On Sat, Nov 30, 2019 at 07:56:19AM -0600, Richard Owlett wrote:
> On 11/30/2019 07:17 AM, Reco wrote:
> > 	Hi.
> > 
> > On Sat, Nov 30, 2019 at 07:00:51AM -0600, Richard Owlett wrote:
> > > I have a problem with
> > > [https://www.nia.nih.gov/health/sample-menus-healthy-eating-older-adults]
> > > 
> > > In the 2nd paragraph it says "The U.S. Department of Agriculture’s ChooseMyPlate offers sample 2-week menus."
> > > 
> > > There is a bad link labeled "sample 2-week menus". It links to
> > > [https://www.choosemyplate.gov/budget-sample-two-week-menus].
> > > {apparently should go to https://www.choosemyplate.gov/sites/default/files/2WeekMenusAndFoodGroupContent.pdf}
> > 
> > Same thing here.

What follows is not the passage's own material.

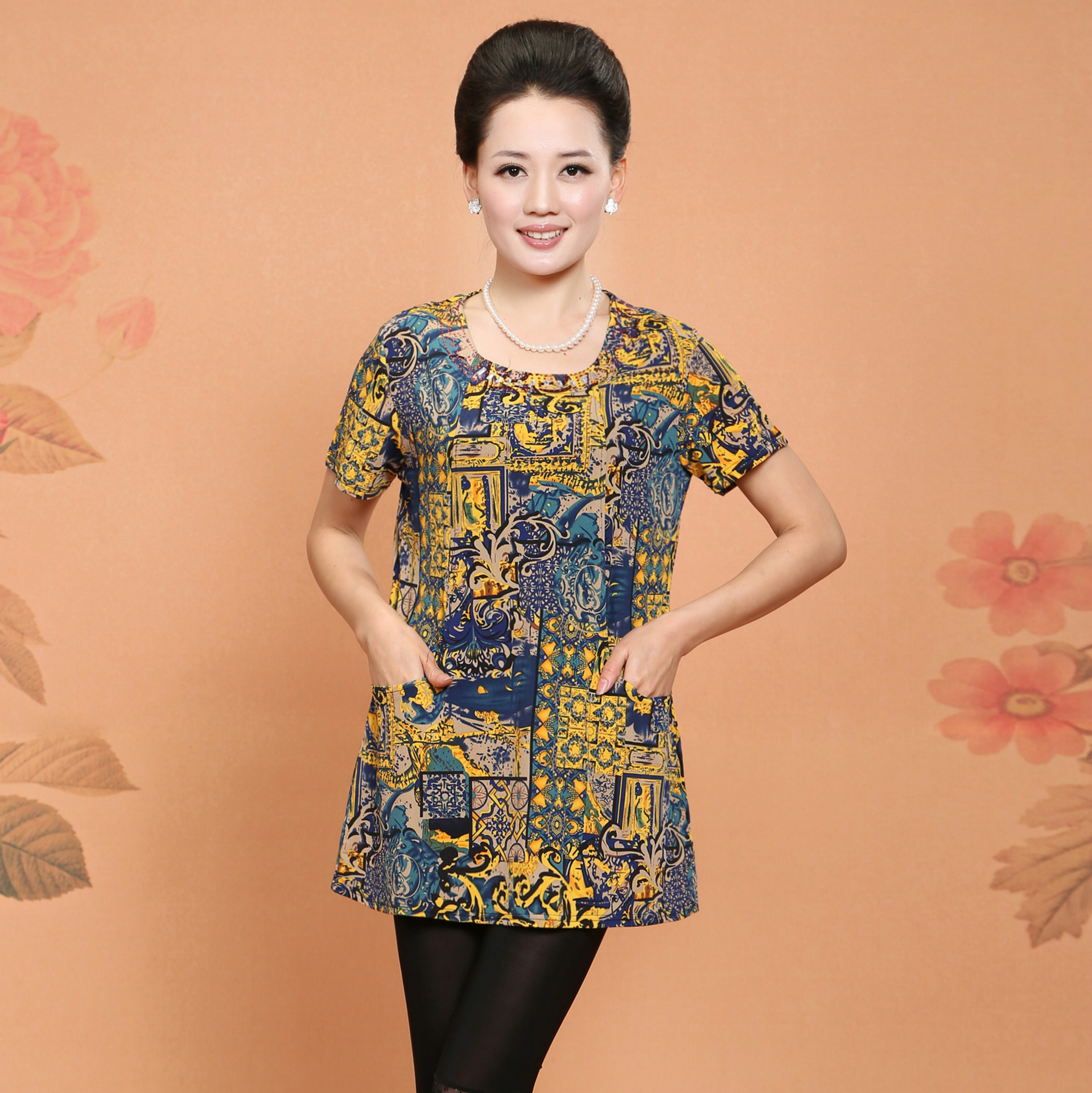 2014夏季中老年大码女装时尚妈妈装短袖t恤中老年女装夏装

Whatever they fixed did not include that page, as it
> > is served with Last-Modified header set to Wed, 20 Nov 2019 17:51:50 GMT
> > 
> 
> Thank you.  I hadn't realized I could check the "Last-Modified header". I get the same information. I had reported the problem on 11/22/2019.
> 
> I'm not an expert in the detailed "structure" of the internet.
> What's the likelihood of we both going through thru something "cache like" when accessing the website?

It's more simple and complex than that.

First (a simple part),

$ host www.nia.nih.gov
www.nia.nih.gov is an alias for d17do31n0bvj2b.cloudfront.net.
... <4 ipv4 here, 8 ipv6> ...

It's highly likely that the problematic page is served by several
independent instances of Apache (HTTP headers do not specify exact
version), and some of those serve updated content, but some of those do
not.

To be specific, 2600:9000:20ae:7400:16:fb03:50c0:93a1 serves outdated
content as demonstrated by Last-Modified header.


Second (a complex part), response headers contain these:

  X-Cache: Hit from cloudfront
  Via: 1.1 <gibberish>.cloudfront.net (CloudFront)
  X-Amz-Cf-Pop: HEL50-C1
  X-Amz-Cf-Id: <base64_gibberish>

Apparently www.nia.nih.gov utilizes Amazon reverse proxy. Whenever it's
a caching proxy (and a possible part of this problem), or not (so it's
only the Apache that's broken) - that I cannot say.

My small experience with reverse proxies is limited to nginx.